# Re-Staining wood trim?



## dayspring (Mar 4, 2006)

:shifty: I had a client ask me to re-stain and poly some edge trim on his countertop. Can this be successfully accomplished? The trim has been there several years and has has poly applied after staining when it was new. Seems to me the stain wouldn't penetrate the wood.


----------



## Brushslingers (Jul 28, 2006)

We refinish cabinets and doors all the time, trick is sanding down to nothing and reapplying the stain and finish.


----------



## Teetorbilt (Feb 12, 2004)

It's done all of the time. I prefer to scrape instead of sand. For me, it's faster and doesnt leave behind 'the fuzzies' that sanding does.
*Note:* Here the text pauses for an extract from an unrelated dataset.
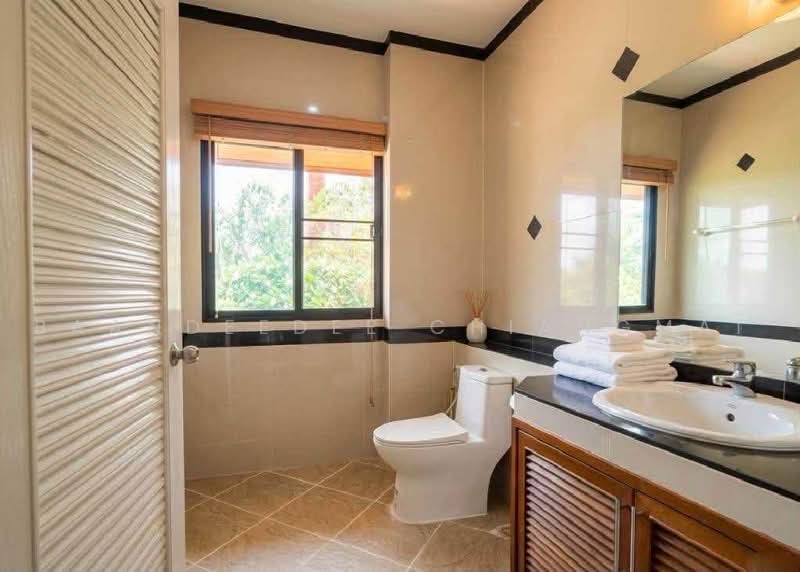 A house for rent near Unity Concord International School,Rental Price: 30,000 THB / month No.15H907, Chiang Mai, Pa Bong, Saraphi, Chiang Mai, 5 Bedrooms, 150 sqm, Single Detached House For Rent, by Baandeedee Chiangmai, 500501014 - DDproperty.com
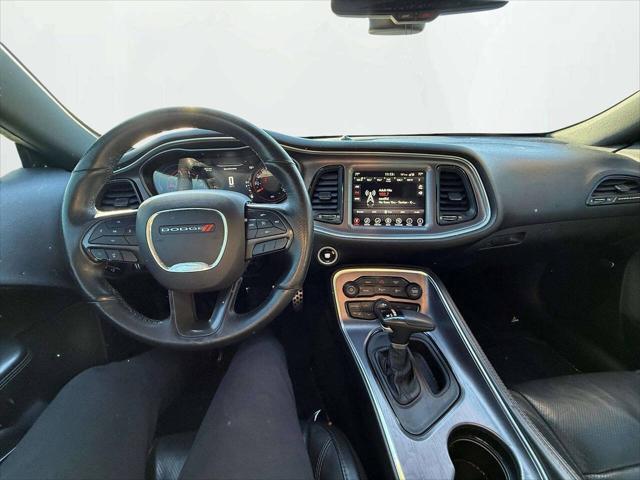 used 2017 Dodge Challenger car, priced at $15,995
For a color change, you'll need to bleach prior to staining.


----------



## Brushslingers (Jul 28, 2006)

Teetorbilt said:


> It's done all of the time. I prefer to scrape instead of sand. For me, it's faster and doesnt leave behind 'the fuzzies' that sanding does.
> 
> For a color change, you'll need to bleach prior to staining.


True, I use 250 grit for a final sand and then sandingsealer to kill the fuzzies.


----------



## dayspring (Mar 4, 2006)

OK. I'll give it a shot. and they do want a darker stain.


----------



## dayspring (Mar 4, 2006)

Also, by sanding, are we talking all the way down to bare wood, or just removing the poly finish? Doen't seem to me that scraping would take all of the poly off, as some would get into the grain wouldn't it?


----------



## Brushslingers (Jul 28, 2006)

I normally take it to bare and re-work it, but for something as small as you are talking about AND they want darker... i'd prolly hand sand enough for the wood to open up and run with it.


----------



## dayspring (Mar 4, 2006)

Thanks man. Appreciate your advise.


----------



## maj (Mar 13, 2006)

I would be leary scraping on countertops. You could inadvertantly catch the laminate edge and gouge it or split it out. Sanding that little area won't create too much dust. It will mostly be poly dust which will most likely stick to the sandpaper anyway. As long as you are going darker, just remove the poly. Then even out the entire edge before staining.


----------



## maj (Mar 13, 2006)

Also, be very careful when staining the wood edging. The laminate top WILL absorb the stain. You may want to mask the edge so as not to get any stain on the top itself.


----------



## dayspring (Mar 4, 2006)

Good point maj. I will indeed make sure it is masked off.


----------